■ PROBLEM TO SOLVE ■
Write out, exactly as they stand, the line containing "Item preview, He" and all subsequent lines up to and including the final line of the records.

■ INPUT MATERIAL ■
+ + + + + + +

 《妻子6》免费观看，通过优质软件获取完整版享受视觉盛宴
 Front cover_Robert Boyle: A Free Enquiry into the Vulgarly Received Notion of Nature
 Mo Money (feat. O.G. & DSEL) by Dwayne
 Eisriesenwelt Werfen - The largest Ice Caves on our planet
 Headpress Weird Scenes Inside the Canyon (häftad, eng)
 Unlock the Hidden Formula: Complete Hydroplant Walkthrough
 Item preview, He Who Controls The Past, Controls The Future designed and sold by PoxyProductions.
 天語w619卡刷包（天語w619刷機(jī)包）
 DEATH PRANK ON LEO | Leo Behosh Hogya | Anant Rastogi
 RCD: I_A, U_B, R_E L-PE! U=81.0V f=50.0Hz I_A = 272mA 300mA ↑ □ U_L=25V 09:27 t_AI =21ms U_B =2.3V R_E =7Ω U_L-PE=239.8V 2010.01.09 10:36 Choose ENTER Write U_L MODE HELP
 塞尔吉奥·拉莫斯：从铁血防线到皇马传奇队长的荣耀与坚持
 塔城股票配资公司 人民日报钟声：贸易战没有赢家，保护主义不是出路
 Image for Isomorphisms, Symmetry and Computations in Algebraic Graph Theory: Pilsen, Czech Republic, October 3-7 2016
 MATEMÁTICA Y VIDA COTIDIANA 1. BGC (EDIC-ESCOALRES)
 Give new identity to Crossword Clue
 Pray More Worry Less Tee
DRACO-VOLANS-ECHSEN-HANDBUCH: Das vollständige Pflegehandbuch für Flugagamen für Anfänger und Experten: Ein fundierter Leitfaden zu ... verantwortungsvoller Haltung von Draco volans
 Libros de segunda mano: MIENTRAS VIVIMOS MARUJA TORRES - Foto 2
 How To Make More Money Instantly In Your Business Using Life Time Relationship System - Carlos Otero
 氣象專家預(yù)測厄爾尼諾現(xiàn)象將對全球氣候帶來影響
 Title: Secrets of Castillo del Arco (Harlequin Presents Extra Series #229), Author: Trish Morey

+ + + + + + +

■ RESULT OF THE TASK ■
 Item preview, He Who Controls The Past, Controls The Future designed and sold by PoxyProductions.
 天語w619卡刷包（天語w619刷機(jī)包）
 DEATH PRANK ON LEO | Leo Behosh Hogya | Anant Rastogi
 RCD: I_A, U_B, R_E L-PE! U=81.0V f=50.0Hz I_A = 272mA 300mA ↑ □ U_L=25V 09:27 t_AI =21ms U_B =2.3V R_E =7Ω U_L-PE=239.8V 2010.01.09 10:36 Choose ENTER Write U_L MODE HELP
 塞尔吉奥·拉莫斯：从铁血防线到皇马传奇队长的荣耀与坚持
 塔城股票配资公司 人民日报钟声：贸易战没有赢家，保护主义不是出路
 Image for Isomorphisms, Symmetry and Computations in Algebraic Graph Theory: Pilsen, Czech Republic, October 3-7 2016
 MATEMÁTICA Y VIDA COTIDIANA 1. BGC (EDIC-ESCOALRES)
 Give new identity to Crossword Clue
 Pray More Worry Less Tee
DRACO-VOLANS-ECHSEN-HANDBUCH: Das vollständige Pflegehandbuch für Flugagamen für Anfänger und Experten: Ein fundierter Leitfaden zu ... verantwortungsvoller Haltung von Draco volans
 Libros de segunda mano: MIENTRAS VIVIMOS MARUJA TORRES - Foto 2
 How To Make More Money Instantly In Your Business Using Life Time Relationship System - Carlos Otero
 氣象專家預(yù)測厄爾尼諾現(xiàn)象將對全球氣候帶來影響
 Title: Secrets of Castillo del Arco (Harlequin Presents Extra Series #229), Author: Trish Morey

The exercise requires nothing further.